A context-specific approach to empowerment

Published Date
October 15, 2017
Published by
Dina Najjar
Women in Egypt continue to experience marginalization and widespread constraints.
Women in Egypt continue to experience marginalization and widespread constraints.

An ICARDA study explored the diversity of women’s experiences in Egypt’s agricultural sector. On International Day for Rural Women we call for a context-specific approach to empowerment that accurately reflects women’s immediate needs and priorities.   

Rural women play a key role in food security, income generation and agricultural production – yet their contributions remain largely invisible and many continue to face insurmountable challenges, including limited bargaining power, weak or no control over assets, and restricted access to inputs, information and training opportunities. Understanding this reality is a necessary first step in the development of new policies and strategies that can fundamentally transform women’s lives. 

There are various types of women farmers and they face different constraints and opportunities. Few studies capture this diversity. A recent study by ICARDA, FAO, and the University of Western Ontario, however, attempted to address this by exploring the constraints that different groups of women faced in two rural settlements in Egypt: a traditional agricultural area and a recently-settled arid area where agriculture is sustained through irrigation. 

In an attempt to understand the diversity of women’s experiences, needs and priorities, researchers explored and measured the empowerment of wage workers, entrepreneurs and employers, self-employed workers (including subsistence and small-scale producers), and family men and women workers.    

The constraints facing rural women

The study revealed the marginalization of many rural women and the barriers that many continue to face. Some key findings stand out. Despite employment opportunities, women had limited opportunities to acquire training or credit, and in the case of agricultural workers, to earn wages that were high enough to accumulate savings on assets. 

Many also had to contend with erratic incomes, insecure employment, work-related injuries and no health insurance, and when they were able to accumulate assets such as homes, legal ownership was often in the name of their husbands – meaning they could lose control over these assets following separation or divorce. 

Finally, women’s contributions to agricultural production tended not to be recognized both by themselves and others at the community and official levels, which prevented them from mobilizing and challenging the constraints they faced. 

Transforming the livelihoods of women    

These constraints affected women differently - meaning that a ‘one-size-fits-all’ approach to empowerment would be ineffective. The findings suggest that that an alternative strategy is required – one that understands the diversity of women’s experiences and provides practical context-specific recommendations for empowerment at the economic, social and political levels. 

What does this mean for some of the groups of women studied? For rural wage workers forced to endure low, delayed and irregular payments, policies need to enforce a system of fair pay. Social protection is also needed to protect against seasonal and other vagaries such as illness, injury and maternity; child care would reduce women’s time poverty; and promoting worker associations could help these women bargain for better wages and work conditions. 

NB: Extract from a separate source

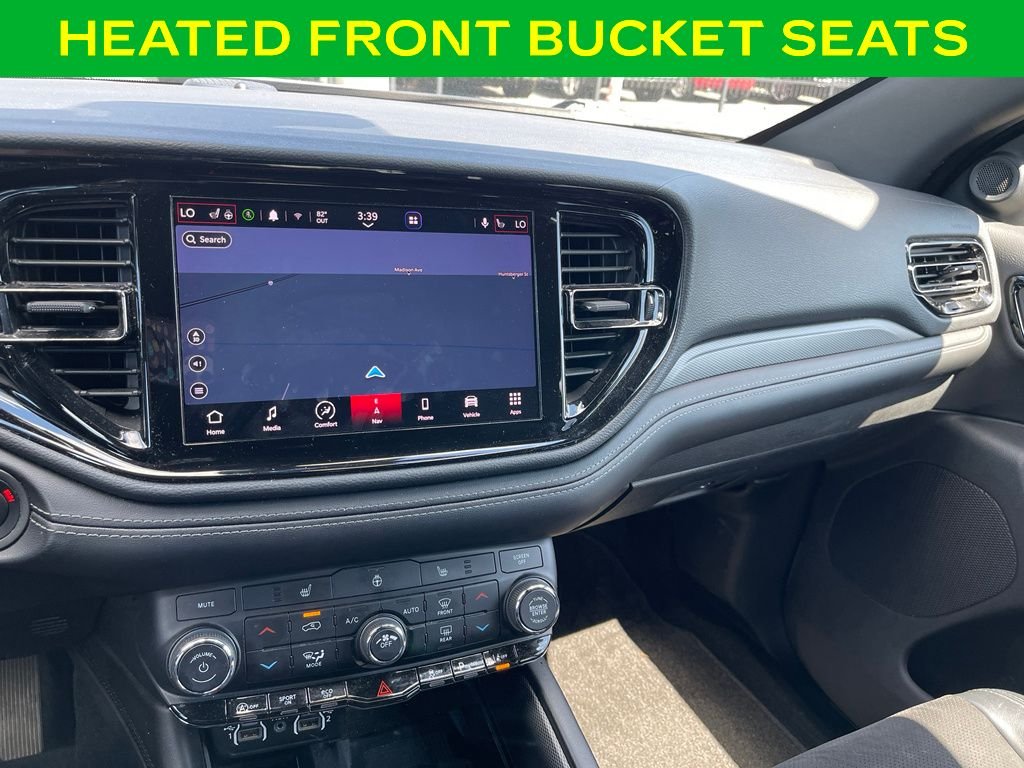 Used 2022 Destroyer Gray Clearcoat Dodge GT Plus image 21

Contributing family workers would benefit from joint titles to marital property – enhancing their access to, and control over, landed assets. Enhancing women’s ability to secure independent titles to land and housing could be a long-term goal, and raising widower pensions would assist older women and widows, particularly those who receive limited support from their families. 

Many women worked in small enterprises operating outside the formal economy and therefore labor laws and regulatory mechanisms - a situation that requires their integration in local markets and marketing channels under fair and non-discriminatory conditions. 

Small producers and subsistence farmers need equal access to vocational training, credit and markets to expand production and raise their incomes. They also require better support from farmer unions - whose priorities should shift from securing lower prices for fertilizer and water to supporting women to mobilize, organize and bargain collectively for health care and social protection benefits. 

Although entrepreneurs and employers in the newly-settled areas enjoyed positions of comparable power and status with men, had access to opportunities for economic and social advancement, and were able to assert their own agency, these women were difficult to find in more traditional agricultural areas – suggesting that women in these communities need enhanced support to initiate and sustain their own enterprises, especially in the long term for generations to come. 

Tailoring empowerment strategies to women’s specific needs and priorities offers a practical route to empowerment that can be replicated across the dry areas. Development organizations need to shift from ineffective yet all too common ‘one-size-fits-all’ models to context-driven solutions that more accurately reflect women’s realities.   

Author: Dina Najjar, ICARDA Gender Specialist.

A report on these findings will be released towards the end of this year.